NEYT. “Ce qui explique aussi l’énorme différence dans l’indice Mercer, et pourquoi les Néerlandais obtiennent aussi de bons résultats, c’est que ce deuxième pilier a un taux de couverture beaucoup plus élevé. Il est obligatoire. 95 % des Néerlandais ayant un emploi bénéficient d’une pension complémentaire par l’intermédiaire d’un fonds de pension”.

STEVENS. “En raison de la forte augmentation du nombre d’entrepreneur indépendant (ZZP – zelfstandigen zonder personeel, ndlr), l’ensemble de la couverture s’érode.

NEYT. “C’est vrai. Les indépendants doivent compter sur le troisième pilier.”

Si vous regardez les chiffres de Sigedis (le prestataire de services qui gère mypension.be, ndlr), vous pouvez y lire : 4,1 millions de personnes couvertes en Belgique – c’est bien aussi, non ? Mais il faut faire preuve d’honnêteté intellectuelle.

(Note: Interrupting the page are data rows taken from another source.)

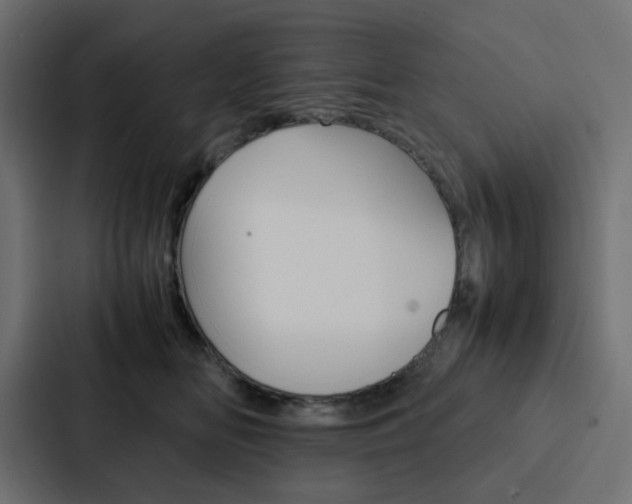 X0000088230518200705151051
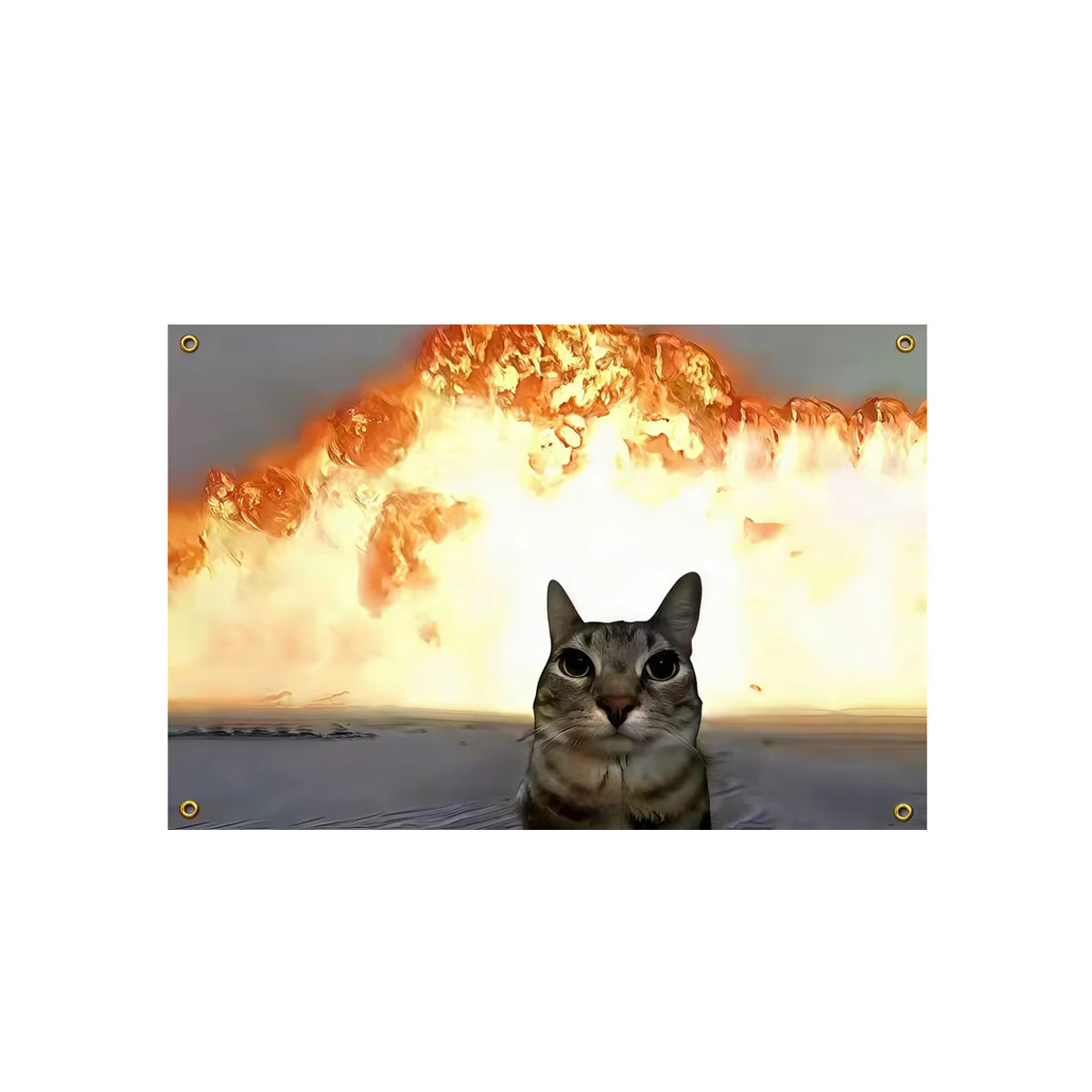 OIMG Wandteppich mit lustigem Katzen-Meme-Motiv und Explosions-Hintergrund, mehrfarbig, B/H: 91,44 x 60,96 cm - Bild 2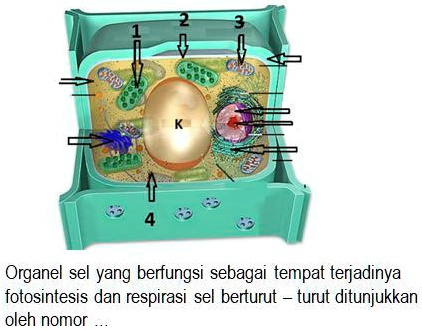 SOLVED: a. 4 dan 1 b.2 dan 3 c.1 dan 3 d.3 dan 4 Organel sel yang ...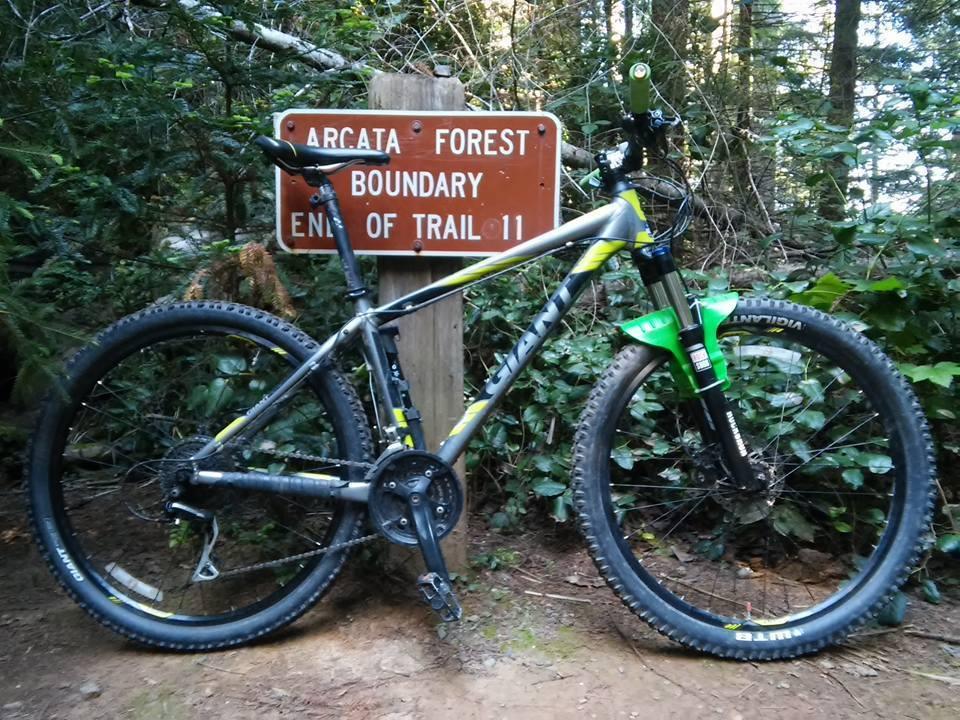 2016 Giant TALON Silver or Gray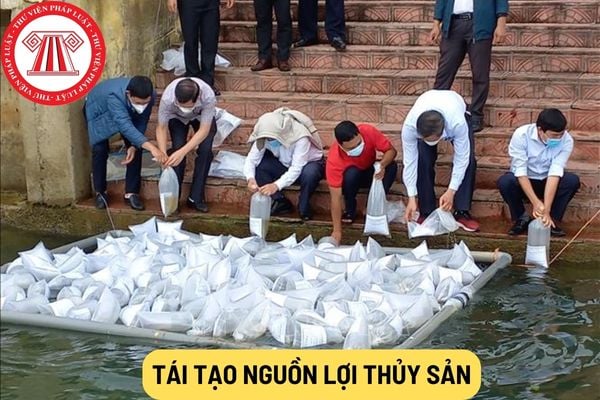 tái tạo nguồn lợi thủy sản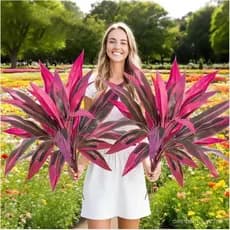 Planta Tropical Artificial Resistente a UV, Grandes Plantas Artificiais para Exterior, Samambaias de Boston Falsas em Va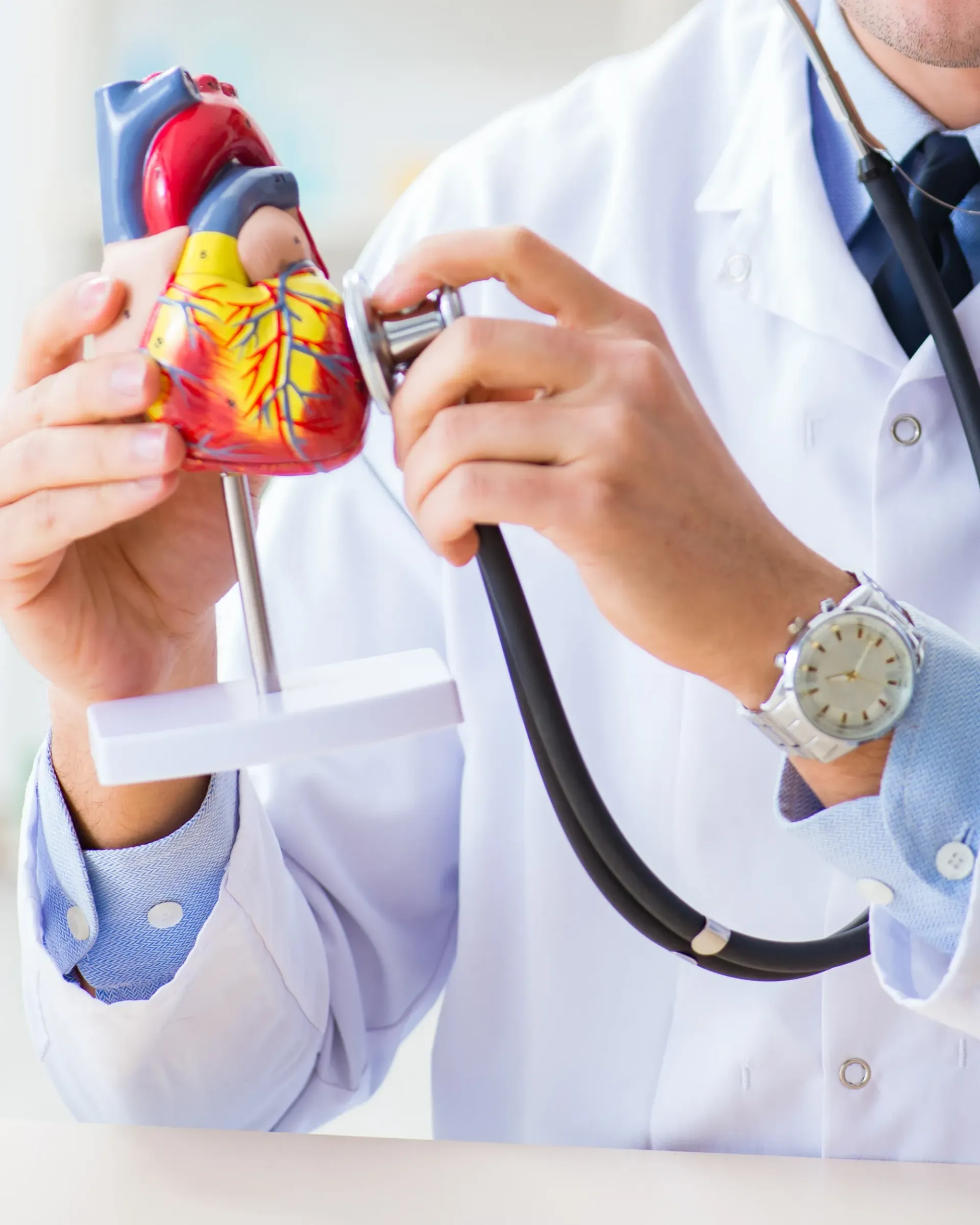Un médecin écoute un modèle de cœur avec un stéthoscope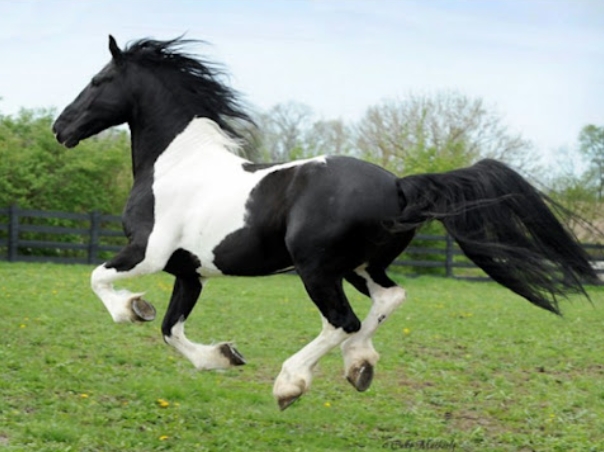 friesian paint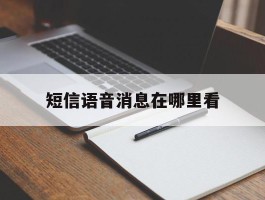 短信语音消息在哪里看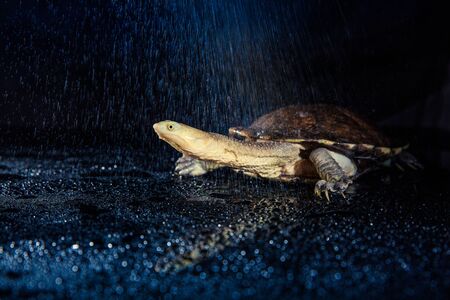 Australian eastern long-necked turtle in heavy rain on black mirror.の写真素材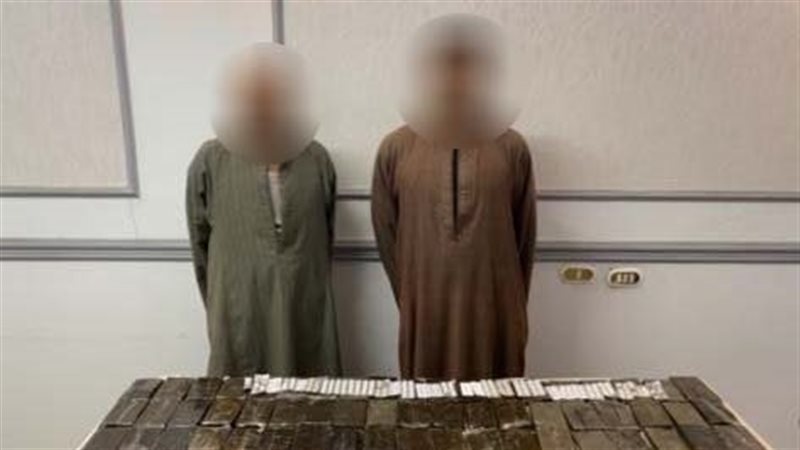 ضبط عناصر إجرامية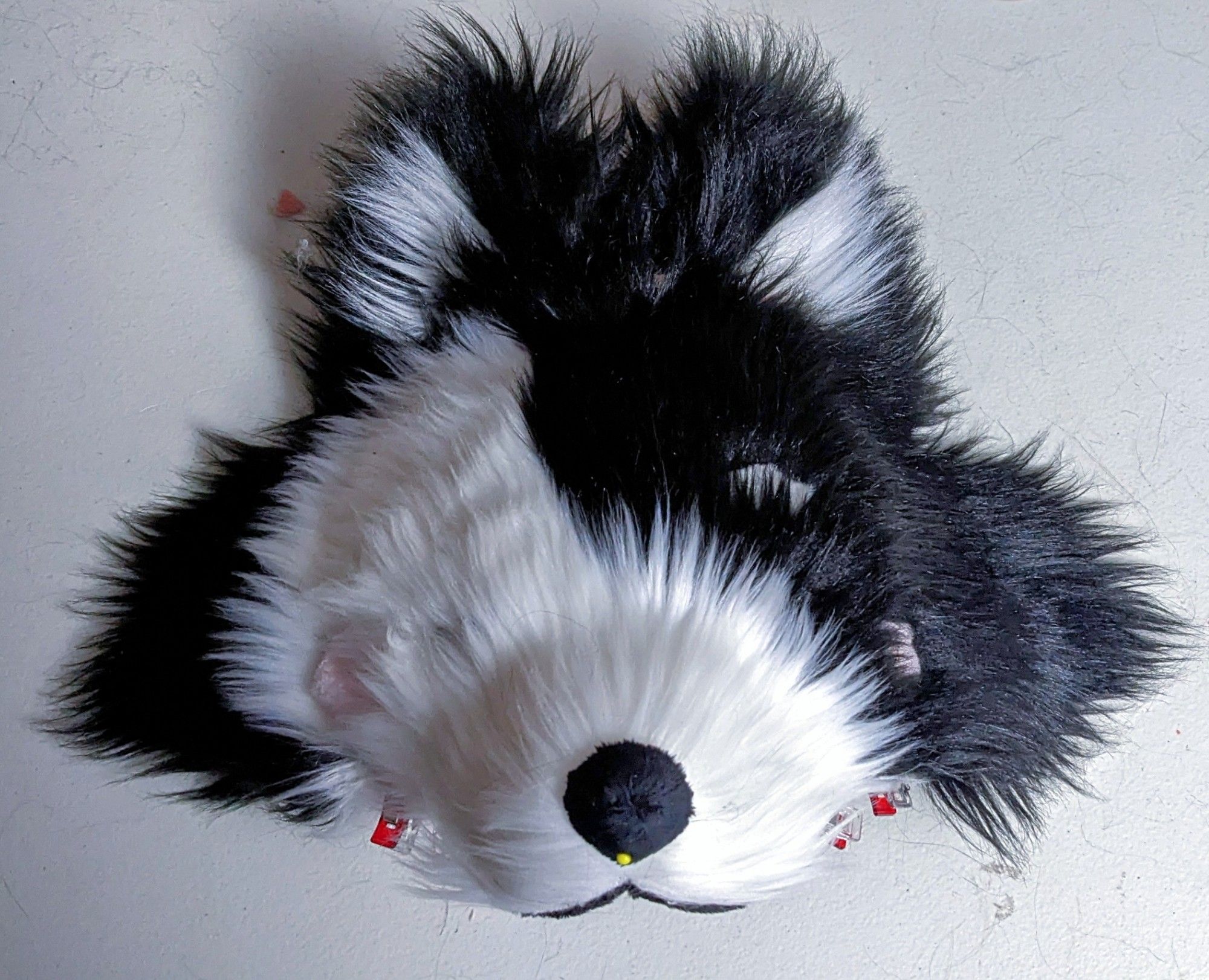 A very fluffy unshaven black and white border collie half mask on a white table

La réserve médiane constituée par ces 4,1 millions de personnes dans la pension complémentaire au 1er janvier 2022 est de 3.500 euros. Supposons que vous viviez encore 20 ans en moyenne après votre retraite, soit 240 mois. Si les intérêts sont égaux à l’inflation, cela ne représente que 15 euros d’intérêts par mois. Avec cela, vous ne couvrirez pas beaucoup de dépenses. En ce qui concerne la pension complémentaire de la plupart des Belges, 80 % d’entre eux disposent de moins de 100 euros d’intérêts par mois.

Réponse de Mercer (Dirk Kemkers, Senior Pension Consultant):

Si l’on examine les raisons pour lesquelles la Belgique obtient un score aussi faible dans la catégorie “durabilité” (39e place) par rapport aux Pays-Bas (4e place), la différence peut être justifiée :

– Très faible niveau de capital retraite accumulé : comme le cite également Philip Neyt, les pensions belges du premier pilier, par exemple, ne sont pratiquement pas préfinancées, alors qu’aux Pays-Bas, les pensions du premier pilier sont largement financées par certains des plus grands fonds de pension au monde.

– En Belgique, il n’y a pas de cotisations de pension minimales obligatoires pour tous les travailleurs, ce qui se traduit par un taux de participation nettement plus faible aux régimes de retraite complémentaire.

– Le taux de participation au marché du travail des 55-64 ans et des 65 ans et plus est très faible en Belgique.